Il s'agit plus spécifiquement des Mirage 2000-D qu'on bichonne justement parce qu'ils présentent encore "un potentiel important". Et les Mirage 2000-5? "Les Mirage 2000-5 sont plutôt un modèle en fin de vie", a averti le général.

Maintenance et avenir

Outre ces difficultés, Patrick Sauce précise que l'effectif a un œil - et un œil particulièrement sourcilleux - sur un dernier critère, la question de la "maintenance et "tout ce qui va autour de l'avion":

"C'est-à-dire le pilote qu'on va former mais aussi le système qui fait qu'un avion, en 2023, face à des avions MIG ou des Soukoï qui sont pour certains très évolués en Russie vont pouvoir évoluer dans toute une bulle de sécurité". "Et ça, c'est encore plus difficile à obtenir que des chars", a mis en lumière le journaliste.

"On ne transfère pas un avion comme on peut transférer un véhicule blindé", a plussoyé le général Jérôme Pellistrandi. Et encore la chose ne doit pas être si évidente pour les blindés. L'absence de garantie en matière de maintenance est déjà l'un des points d'achoppement quant à l'expédition éventuelle de chars lourds Leclerc, tandis que la France a accepté de donner des AMX-10RC, des tanks "reconnaissance-feu", bien plus légers.

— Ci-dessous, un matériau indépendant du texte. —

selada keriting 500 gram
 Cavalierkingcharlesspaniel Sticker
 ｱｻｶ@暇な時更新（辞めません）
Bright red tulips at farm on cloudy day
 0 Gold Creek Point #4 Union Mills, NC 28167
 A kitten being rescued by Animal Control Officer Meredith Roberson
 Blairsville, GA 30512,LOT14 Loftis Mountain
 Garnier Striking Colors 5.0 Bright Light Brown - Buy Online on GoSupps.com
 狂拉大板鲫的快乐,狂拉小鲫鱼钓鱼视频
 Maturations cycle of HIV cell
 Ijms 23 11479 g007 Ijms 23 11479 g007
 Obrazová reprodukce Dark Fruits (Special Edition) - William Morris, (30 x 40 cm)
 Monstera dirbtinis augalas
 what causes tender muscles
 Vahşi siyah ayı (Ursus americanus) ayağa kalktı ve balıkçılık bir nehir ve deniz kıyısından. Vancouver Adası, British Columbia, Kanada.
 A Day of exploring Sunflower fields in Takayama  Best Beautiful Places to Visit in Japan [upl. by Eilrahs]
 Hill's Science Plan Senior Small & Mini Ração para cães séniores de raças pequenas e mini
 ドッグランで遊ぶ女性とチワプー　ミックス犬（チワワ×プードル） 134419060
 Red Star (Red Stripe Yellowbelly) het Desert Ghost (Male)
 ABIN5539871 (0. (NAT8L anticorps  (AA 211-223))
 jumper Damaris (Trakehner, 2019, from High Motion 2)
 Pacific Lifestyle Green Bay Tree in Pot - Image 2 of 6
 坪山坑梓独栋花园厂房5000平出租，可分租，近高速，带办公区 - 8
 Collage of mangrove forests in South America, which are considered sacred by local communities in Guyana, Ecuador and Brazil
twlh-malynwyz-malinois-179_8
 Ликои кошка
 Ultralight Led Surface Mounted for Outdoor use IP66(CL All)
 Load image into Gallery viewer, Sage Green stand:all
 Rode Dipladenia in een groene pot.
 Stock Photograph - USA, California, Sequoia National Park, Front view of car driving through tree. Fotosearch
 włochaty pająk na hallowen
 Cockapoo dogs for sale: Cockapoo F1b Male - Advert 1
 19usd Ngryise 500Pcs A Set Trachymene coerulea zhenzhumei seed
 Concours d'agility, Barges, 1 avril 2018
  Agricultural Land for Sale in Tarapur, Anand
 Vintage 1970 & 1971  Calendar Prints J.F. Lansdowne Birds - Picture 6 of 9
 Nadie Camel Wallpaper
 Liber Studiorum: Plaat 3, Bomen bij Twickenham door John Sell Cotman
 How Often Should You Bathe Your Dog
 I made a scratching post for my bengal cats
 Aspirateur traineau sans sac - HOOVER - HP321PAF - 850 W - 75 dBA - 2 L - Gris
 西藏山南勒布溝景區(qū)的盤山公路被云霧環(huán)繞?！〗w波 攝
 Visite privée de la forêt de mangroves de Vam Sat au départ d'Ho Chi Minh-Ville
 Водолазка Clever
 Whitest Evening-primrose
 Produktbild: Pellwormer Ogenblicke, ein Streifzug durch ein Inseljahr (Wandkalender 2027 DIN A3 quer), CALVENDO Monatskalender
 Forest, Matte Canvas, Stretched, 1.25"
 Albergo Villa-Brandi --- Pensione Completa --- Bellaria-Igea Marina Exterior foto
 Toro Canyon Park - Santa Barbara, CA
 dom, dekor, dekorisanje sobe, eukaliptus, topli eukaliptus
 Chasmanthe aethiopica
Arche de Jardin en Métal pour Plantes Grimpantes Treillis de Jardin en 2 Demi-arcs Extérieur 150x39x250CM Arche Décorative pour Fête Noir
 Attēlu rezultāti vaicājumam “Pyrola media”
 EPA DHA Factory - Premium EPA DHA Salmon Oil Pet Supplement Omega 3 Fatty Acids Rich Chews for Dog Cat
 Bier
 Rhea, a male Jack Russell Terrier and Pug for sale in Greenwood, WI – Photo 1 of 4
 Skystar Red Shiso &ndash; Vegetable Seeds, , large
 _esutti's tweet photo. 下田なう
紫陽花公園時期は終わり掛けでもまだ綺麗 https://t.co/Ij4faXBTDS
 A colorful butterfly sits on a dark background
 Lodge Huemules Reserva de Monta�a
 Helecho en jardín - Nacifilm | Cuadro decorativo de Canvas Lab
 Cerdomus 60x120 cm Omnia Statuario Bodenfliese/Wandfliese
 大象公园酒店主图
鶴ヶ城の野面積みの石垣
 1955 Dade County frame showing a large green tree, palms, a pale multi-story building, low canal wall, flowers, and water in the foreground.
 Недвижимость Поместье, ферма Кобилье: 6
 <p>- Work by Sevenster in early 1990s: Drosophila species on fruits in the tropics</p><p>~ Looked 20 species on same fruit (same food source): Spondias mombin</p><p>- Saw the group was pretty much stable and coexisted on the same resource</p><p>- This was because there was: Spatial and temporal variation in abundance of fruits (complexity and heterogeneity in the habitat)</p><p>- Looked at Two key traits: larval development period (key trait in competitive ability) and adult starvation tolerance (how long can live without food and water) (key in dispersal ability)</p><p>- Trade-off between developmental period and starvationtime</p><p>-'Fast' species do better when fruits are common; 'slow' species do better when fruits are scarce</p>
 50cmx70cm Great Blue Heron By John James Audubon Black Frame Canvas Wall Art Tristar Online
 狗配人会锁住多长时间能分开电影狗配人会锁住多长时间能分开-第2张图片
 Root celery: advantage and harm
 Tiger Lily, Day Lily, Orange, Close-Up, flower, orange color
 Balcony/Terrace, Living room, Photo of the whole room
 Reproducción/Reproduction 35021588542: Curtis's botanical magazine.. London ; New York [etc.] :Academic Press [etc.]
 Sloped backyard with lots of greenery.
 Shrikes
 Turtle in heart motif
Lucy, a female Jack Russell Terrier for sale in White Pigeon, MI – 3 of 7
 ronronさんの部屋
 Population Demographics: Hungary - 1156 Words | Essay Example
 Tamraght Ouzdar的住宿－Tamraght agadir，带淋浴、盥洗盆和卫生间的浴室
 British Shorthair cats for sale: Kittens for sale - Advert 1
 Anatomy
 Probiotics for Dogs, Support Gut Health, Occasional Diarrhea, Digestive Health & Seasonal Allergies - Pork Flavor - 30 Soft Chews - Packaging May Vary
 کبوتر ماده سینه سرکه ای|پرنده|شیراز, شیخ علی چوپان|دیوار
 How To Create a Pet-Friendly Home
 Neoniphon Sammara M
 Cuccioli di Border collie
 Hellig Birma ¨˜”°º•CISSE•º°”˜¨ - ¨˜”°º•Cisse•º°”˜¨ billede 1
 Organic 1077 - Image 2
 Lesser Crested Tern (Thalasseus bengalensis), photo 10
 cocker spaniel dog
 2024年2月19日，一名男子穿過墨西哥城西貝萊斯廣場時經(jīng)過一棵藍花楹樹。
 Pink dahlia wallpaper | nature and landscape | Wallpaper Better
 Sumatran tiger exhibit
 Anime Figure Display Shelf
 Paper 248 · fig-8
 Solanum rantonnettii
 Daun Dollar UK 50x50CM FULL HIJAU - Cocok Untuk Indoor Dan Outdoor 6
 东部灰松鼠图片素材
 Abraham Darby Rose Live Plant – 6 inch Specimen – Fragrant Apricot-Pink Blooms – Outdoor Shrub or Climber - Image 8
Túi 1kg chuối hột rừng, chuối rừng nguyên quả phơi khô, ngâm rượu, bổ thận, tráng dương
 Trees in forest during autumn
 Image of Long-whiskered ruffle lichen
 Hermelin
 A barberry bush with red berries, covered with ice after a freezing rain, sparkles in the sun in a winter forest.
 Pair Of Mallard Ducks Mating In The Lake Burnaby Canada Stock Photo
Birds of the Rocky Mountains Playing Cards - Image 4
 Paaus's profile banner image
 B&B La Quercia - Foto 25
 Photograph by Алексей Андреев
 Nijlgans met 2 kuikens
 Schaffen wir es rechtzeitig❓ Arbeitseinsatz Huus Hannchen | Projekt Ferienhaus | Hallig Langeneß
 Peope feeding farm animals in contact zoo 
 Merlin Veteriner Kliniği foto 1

Le consultant Défense de BFMTV a toutefois noté que si les discussions n'aboutissaient aujourd'hui sur la livraison d'avions de chasse, elles n'auraient pas pour autant vocation à s'éteindre: "La question de la fourniture d'avions peut se poser dans les mois et les années à venir, car l'Ukraine devra bien disposer de capacités pour se défendre face à ce que sera la Russie de demain".